*** Dataset ***
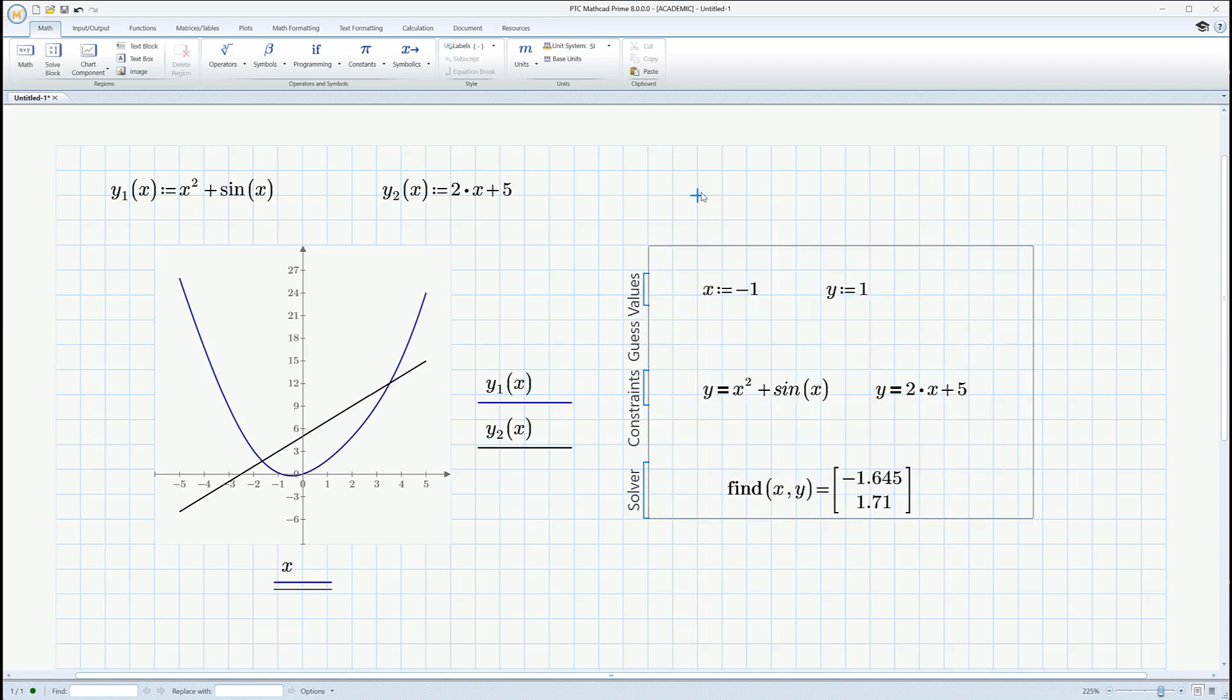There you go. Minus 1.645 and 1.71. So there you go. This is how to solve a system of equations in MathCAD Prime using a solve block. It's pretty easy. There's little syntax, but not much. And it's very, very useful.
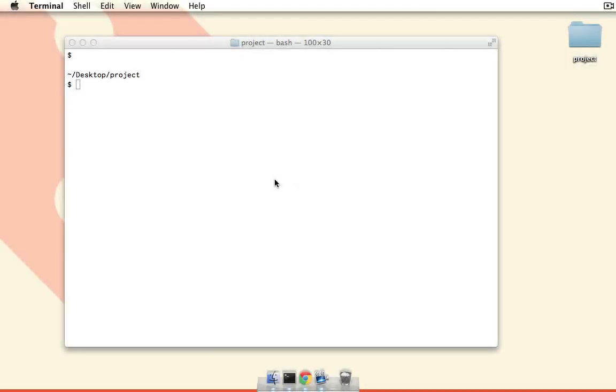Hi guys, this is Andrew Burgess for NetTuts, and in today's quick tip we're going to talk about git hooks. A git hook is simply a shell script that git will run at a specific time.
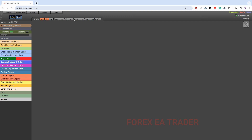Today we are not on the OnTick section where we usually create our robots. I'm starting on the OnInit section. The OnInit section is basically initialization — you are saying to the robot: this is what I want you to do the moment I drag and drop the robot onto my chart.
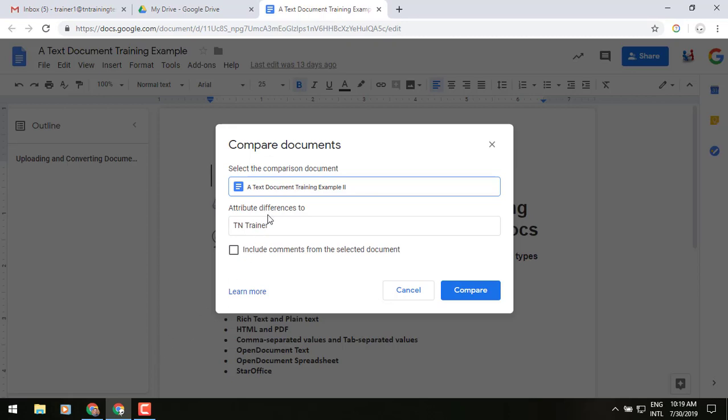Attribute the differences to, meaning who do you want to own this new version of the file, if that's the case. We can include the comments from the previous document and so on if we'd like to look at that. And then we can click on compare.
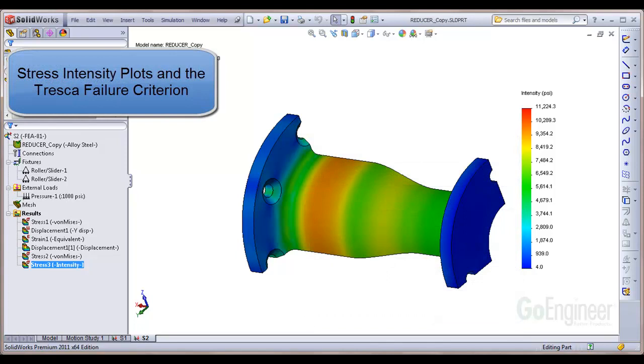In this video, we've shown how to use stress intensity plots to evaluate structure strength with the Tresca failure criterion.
*** End of Dataset ***
§ Task prompt
The records above must be retyped exactly. Please omit the pictures.

§ Your solution
There you go. Minus 1.645 and 1.71. So there you go. This is how to solve a system of equations in MathCAD Prime using a solve block. It's pretty easy. There's little syntax, but not much. And it's very, very useful.
Hi guys, this is Andrew Burgess for NetTuts, and in today's quick tip we're going to talk about git hooks. A git hook is simply a shell script that git will run at a specific time.
Today we are not on the OnTick section where we usually create our robots. I'm starting on the OnInit section. The OnInit section is basically initialization — you are saying to the robot: this is what I want you to do the moment I drag and drop the robot onto my chart.
Attribute the differences to, meaning who do you want to own this new version of the file, if that's the case. We can include the comments from the previous document and so on if we'd like to look at that. And then we can click on compare.
In this video, we've shown how to use stress intensity plots to evaluate structure strength with the Tresca failure criterion.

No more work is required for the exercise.